Et si Jordan Bardella refusait de rejoindre Matignon, comme il l’a annoncé ? « D’un strict point de vue juridique, la Constitution n’exige pas que la personne nommée Premier ministre accepte le poste »confirme Bertrand-Léo Combrade.

« La réponse est très claire, Jordan Bardella peut refuser d’être Premier ministre. »

Bertrand-Léo Combrade

professeur de droit public

Ce ne serait pas une première, sous la Ve République : en mai 2022, la députée socialiste Valérie Rabault avait affirmé avoir refusé de réussir à Jean Castex. Cependant, refuser pour la raison invoquée par Jordan Bardella serait « inédit »selon Anne-Charlène Bezzina, constitutionnaliste et maître de conférences en droit public à l’université de Rouen : «C’est une forme de pression sur ses électeurs pour obtenir le plus de voix – un peu comme De Gaulle l’a fait avec ses menaces de démission« elle analyse.

Et même si la leader RN acceptait Matignon à la majorité relative, il ne tiendrait pas longtemps, constate Bertrand-Léo Combrade : « Il ferait son déclaration de politique générale et l’Assemblée nationale le renverserait immédiatement (par une motion de censure) avec les voix des macronistes (camp présidentiel) et le Nouveau Front Populaire (coalition de gauche). Même s’ils se détestent, ils sont probablement d’accord sur le fait que Jordan Bardella ne devrait pas être Premier ministre. »
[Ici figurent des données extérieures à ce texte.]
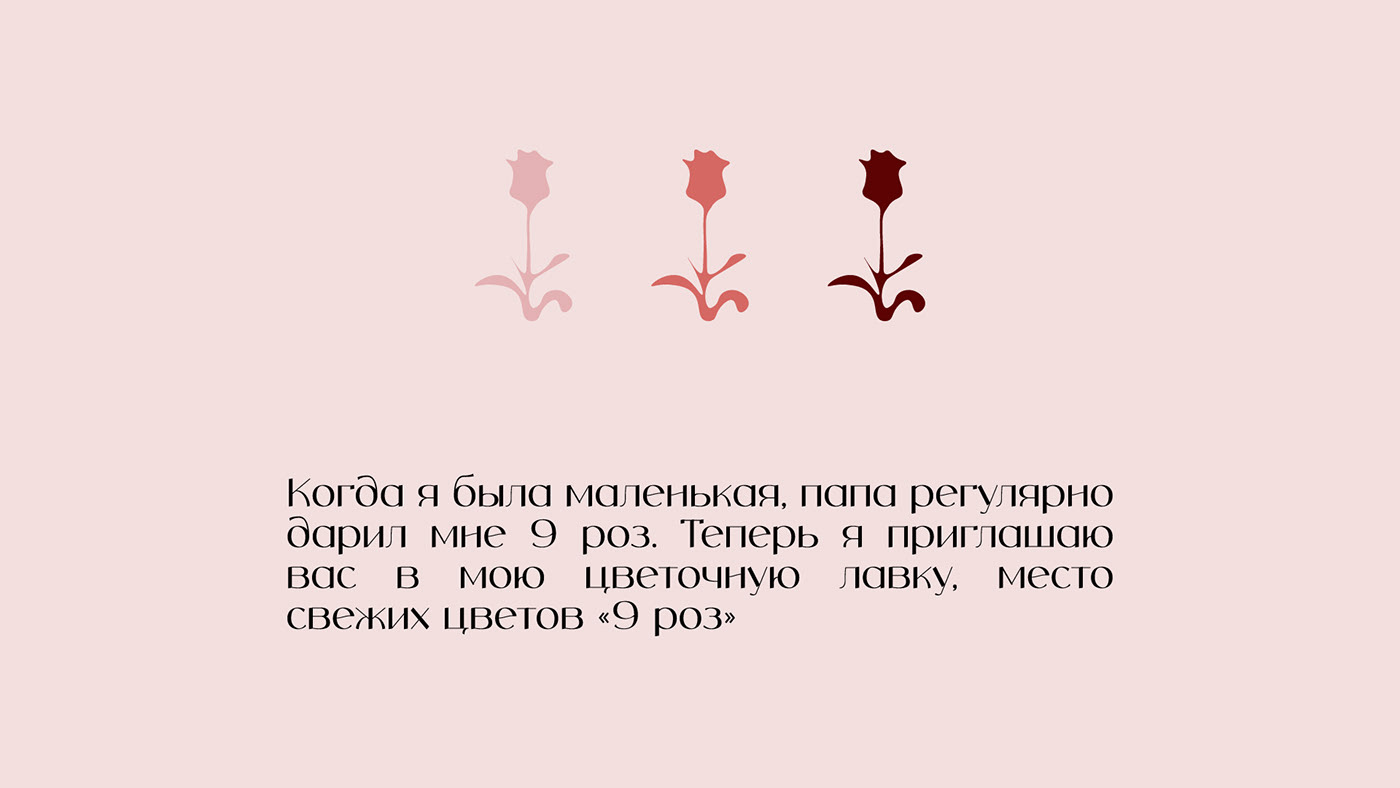 9 РОЗ айдентика — Изображение №3 — Брендинг на Dprofile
Alors, quels sont les scénarios possibles si Jordan Bardella refuse d’être nommé Premier ministre, et donc de gouverner ? « En cas de majorité très relative »c’est-à-dire que si aucune des principales forces politiques présentes à l’Assemblée nationale ne se démarque par son nombre de sièges, il faudra s’orienter vers un choix « plus consensuel » que celui de Jordan Bardella, estime Anne-Charlène Bezzina. Emmanuel Macron va « devoir nommer un autre Premier ministre qui aura la confiance d’un autre parti à l’Assemblée nationale, ou plutôt celle d’une coalition de partis »de son côté anticipe Bertrand-Léo Combrade.
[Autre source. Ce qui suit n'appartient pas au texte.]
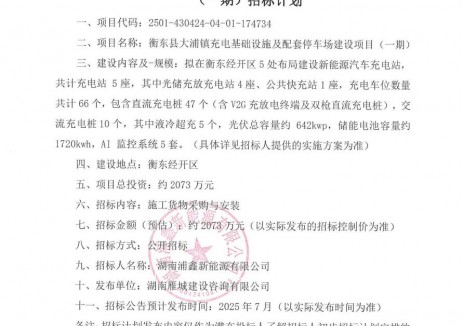 投资超2000万！​湖南衡东县大浦镇充电基础设施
Trois combinaisons sont possibles : ce pourrait être un Premier ministre ayant la confiance » du RN et du Nouveau Front Populaire » (PFN), « du RN et des macronistes »Ou « Les macronistes et le NFP », l’option la plus probable selon le chercheur. Si aucun accord n’est trouvé sur la proposition d’un chef de gouvernement, le Conseil d’État prévoit « l’envoi d’actualités » : en attendant la nomination d’un nouveau gouvernement, les équipes ministérielles actuelles poursuivent leurs missions quotidiennes. « Le gouvernement (en place avant les élections) devra continuer à appliquer les réformes adoptées mais ne pourra plus en adopter de nouvelles. Au bout d’un an, le président devra dissoudre l’Assemblée nationale »explique Léo-Bertrand Combrade.

Ray Richard

Head of technical department in some websites, I have been in the field of electronic journalism for 12 years and I am interested in travel, trips and discovering the world of technology.